Le 31 janvier 2023, la Cour européenne des droits de l’homme, après avoir examiné sept plaintes de Témoins de Jéhovah de Russie, a reconnu la perturbation des services de culte de 2010 à 2014 comme une violation des libertés fondamentales. La CEDH a décidé de verser une indemnité aux requérants d’un montant de 345 773 EUR et 5 000 EUR supplémentaires au titre des frais de justice.

Que s’est-il passé ?

Cette affaire concerne l’interruption de réunions religieuses dans 17 régions de Russie, ainsi que des fouilles, la confiscation de littérature et d’effets personnels, et plusieurs cas de détention avec fouilles personnelles.

Des agents des forces de l’ordre, parfois armés et portant des masques, pénétraient dans les bâtiments où se déroulaient les cultes des Témoins de Jéhovah. Les actions des forces de l’ordre étaient justifiées par des détails techniques, par exemple par le fait que les réunions étaient organisées sans notification préalable aux autorités.

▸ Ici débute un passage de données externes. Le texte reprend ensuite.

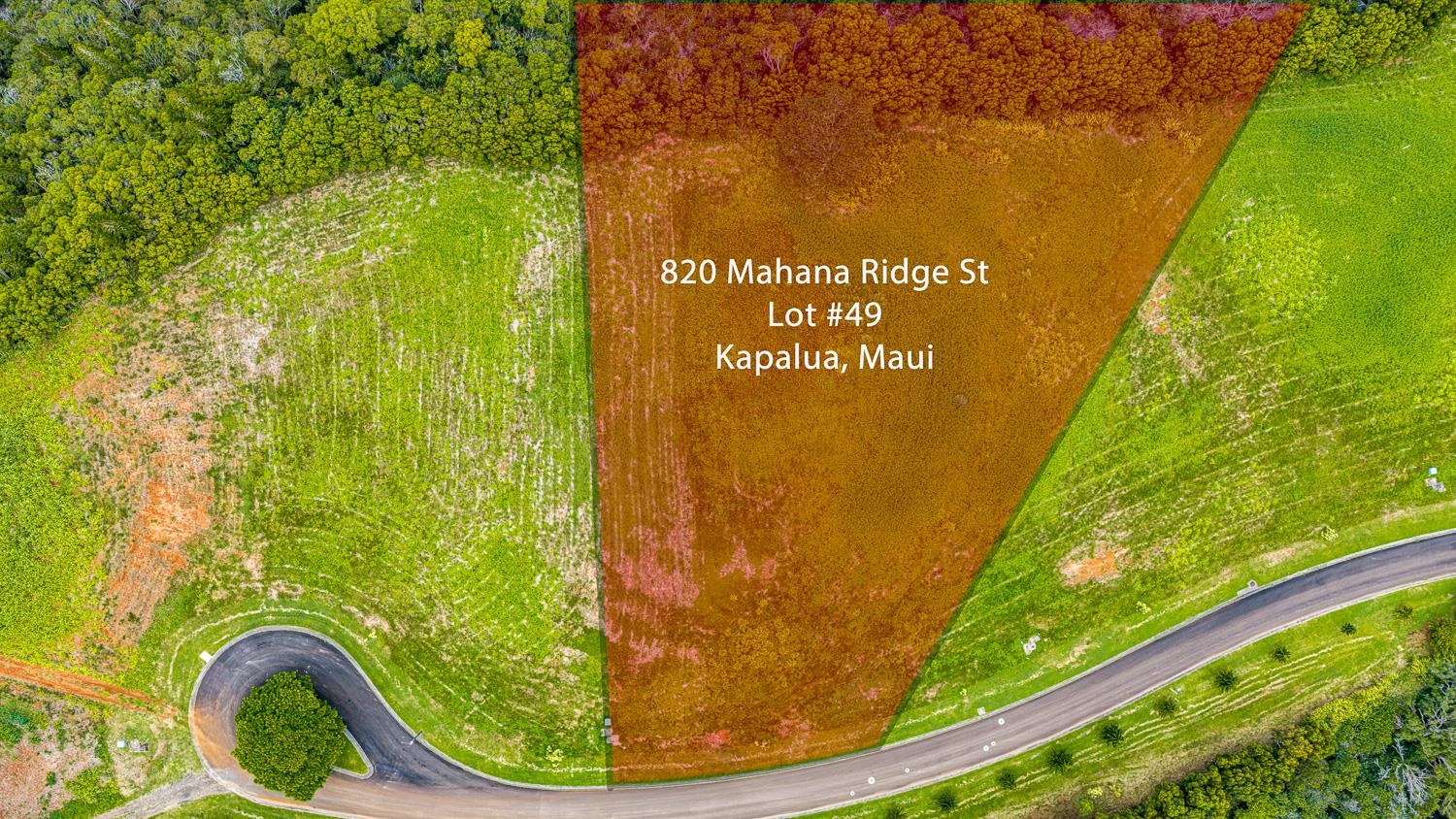 820 Mahana Ridge St Unit: Lot 49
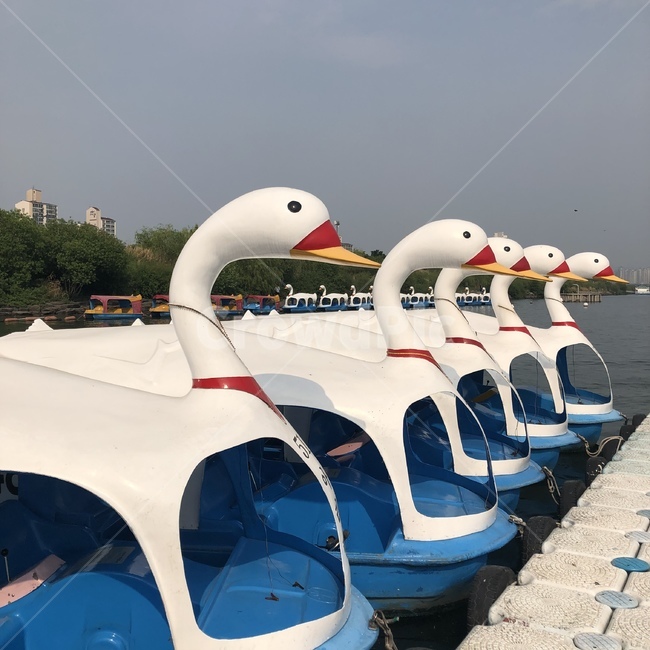 서울,한강,오리배,데이트코스,오리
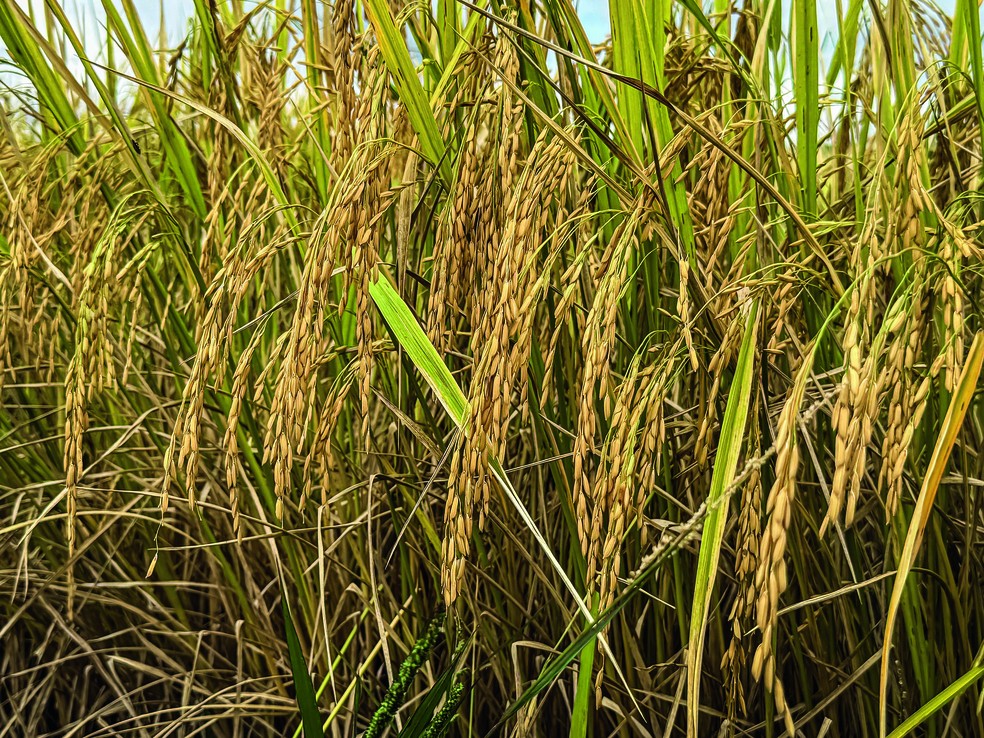 Lavoura de arroz em Alagoas: a cultura ocupou 2.600 hectares no estado na safra 2024/25, ou 44,5% a mais do que em 2022/23 — Foto: Leandro Ignácio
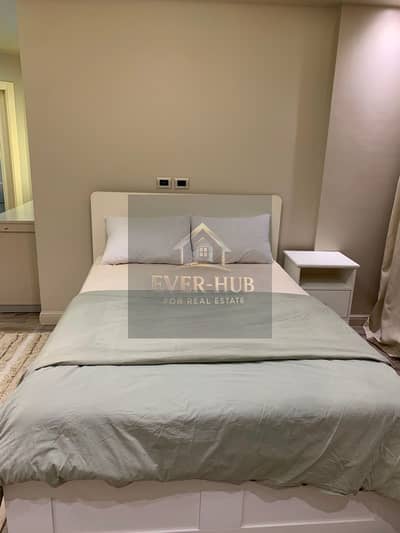 Luxury Fully Furnished Apartment for Rent in Zayed Regency Compound, Sheikh Zayed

Les forces de sécurité ont soit exigé l’arrêt de l’événement, soit sont restées sur les lieux et ont filmé ce qui se passait à l’aide de matériel photo et vidéo, après quoi elles ont interrogé les personnes présentes.

À plusieurs reprises, la police a perquisitionné des lieux de culte, y compris des résidences privées. Les mandats de perquisition ne fournissaient pas de motifs précis. Ils indiquaient seulement que les bâtiments pouvaient contenir « des preuves pertinentes pour l’affaire criminelle ».

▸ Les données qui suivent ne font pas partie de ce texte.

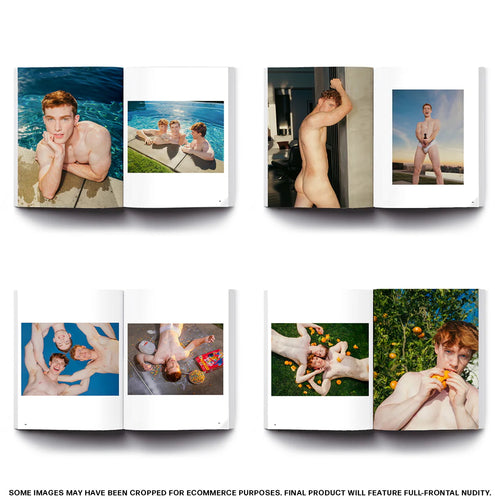 The Red Hot Desire Art Book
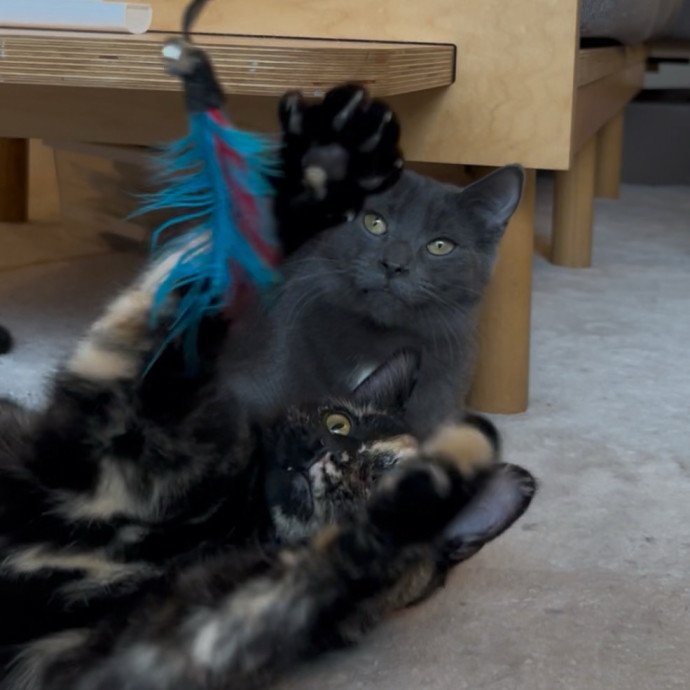 Cozy Care For Cool Cats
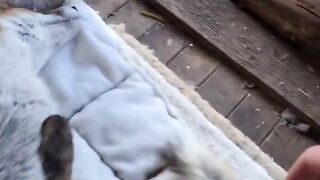 Семейство лис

« Les requérants ont vainement plaidé auprès de [la police] pour que la perquisition soit reportée après la fin des services religieux. » Plusieurs cas similaires sont décrits dans la décision de la CEDH (§ 4).

Les victimes ont fait appel des actions des forces de sécurité devant les tribunaux locaux, mais leurs demandes n’ont pas été satisfaites.

Décision de la CEDH

La Cour européenne a conclu que les actions des autorités russes violaient l’article 9 de la Convention des droits de l’homme, qui déclare le droit fondamental de participer à des assemblées religieuses pacifiques.

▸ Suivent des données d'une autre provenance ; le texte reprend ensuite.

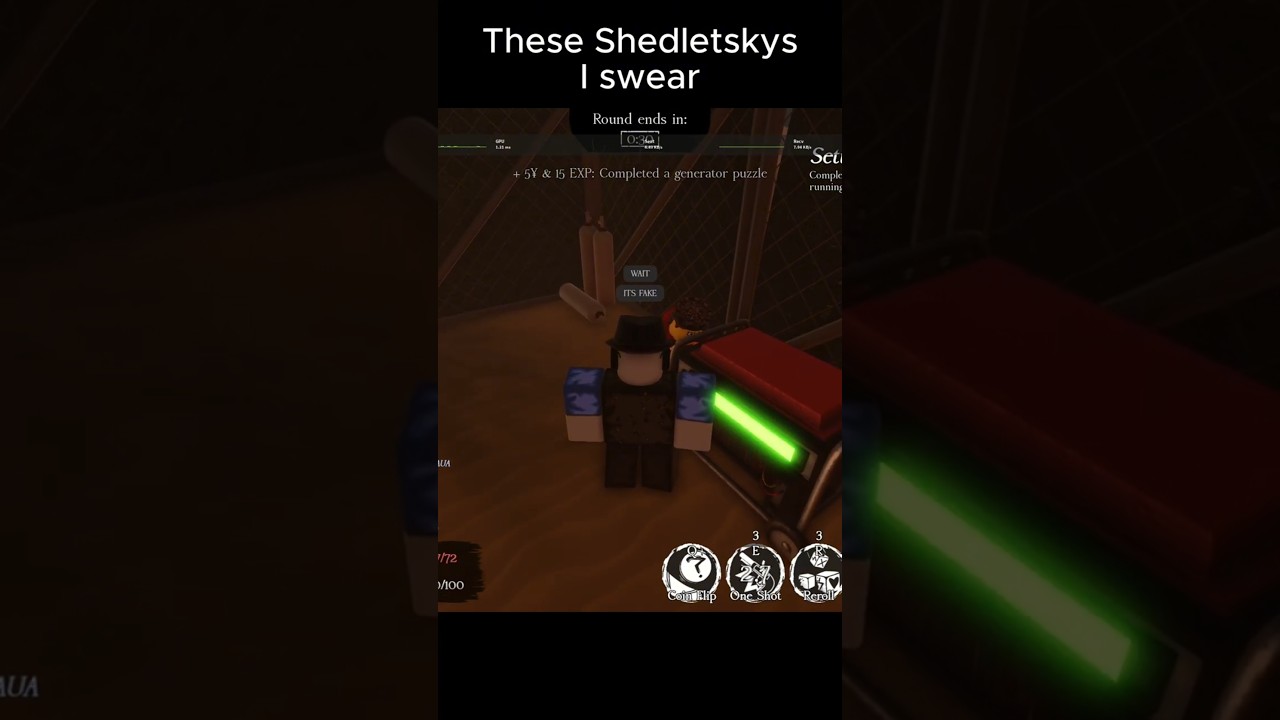 these Shedletskys pmo fr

Voici des extraits de l’arrêt de la CEDH.

« La perturbation d’une assemblée religieuse par les autorités et la sanction des requérants pour avoir organisé des événements religieux “non autorisés” constituent une “ingérence d’une autorité publique” dans le droit des requérants de manifester leur religion. » (§ 9)

« La Cour a précédemment relevé la jurisprudence constante de la Cour suprême de Russie selon laquelle les réunions religieuses, même celles qui se déroulaient dans des locaux loués, ne nécessitaient pas d’autorisation préalable ou de notification aux autorités (…). La condamnation [des requérants] ne reposait pas sur une base juridique claire et n’était pas » prévue par la loi ». « (§ 10)

« Il est incontestable que toutes les assemblées religieuses étaient pacifiques par nature et n’étaient pas susceptibles de causer des troubles ou des dangers pour l’ordre public. Leur perturbation (…) ne répondait pas à un “besoin social impérieux” et n’était donc pas “nécessaire dans une société démocratique”. » (§-11)

« La Cour constate que les mandats de perquisition avaient été formulés en termes extrêmement généraux (…). Ils ne précisaient pas pourquoi les locaux particuliers étaient visés, ce que la police s’attendait à y trouver et quelles raisons pertinentes et suffisantes justifiaient la nécessité de procéder à la perquisition. » (§-12)

Que signifie la décision de la Cour européenne ?

Bien que les affaires examinées par la CEDH aient porté sur des événements antérieurs à l’interdiction des entités juridiques russes des Témoins de Jéhovah en 2017, des centaines d’affaires pénales déposées depuis lors ont traité la discussion commune des Écritures saintes comme un crime.

Yaroslav Sivulskiy, représentant de l’Association européenne des Témoins de Jéhovah, a commenté la décision de la CEDH : « La CEDH a souligné une fois de plus qu’il n’y a et ne peut y avoir rien d’extrémiste dans les réunions religieuses des Témoins de Jéhovah. La même chose a été reconnue par l’Assemblée plénière de la Cour suprême de Russie ; cependant, certains tribunaux russes continuent d’agir à l’encontre de ces décisions, mettant les Témoins de Jéhovah derrière les barreaux simplement en raison de leur religion. »

Plus de 60 requêtes de personnes ayant souffert de la campagne de répression contre les Témoins de Jéhovah russes attendent la décision de la Cour européenne.

En juin 2022, la Cour européenne des droits de l’homme a reconnu que la liquidation des entités juridiques des Témoins de Jéhovah en Russie était illégale et a exigé que les poursuites pénales à l’encontre des croyants soient arrêtées et que toutes les personnes emprisonnées pour leur foi soient libérées.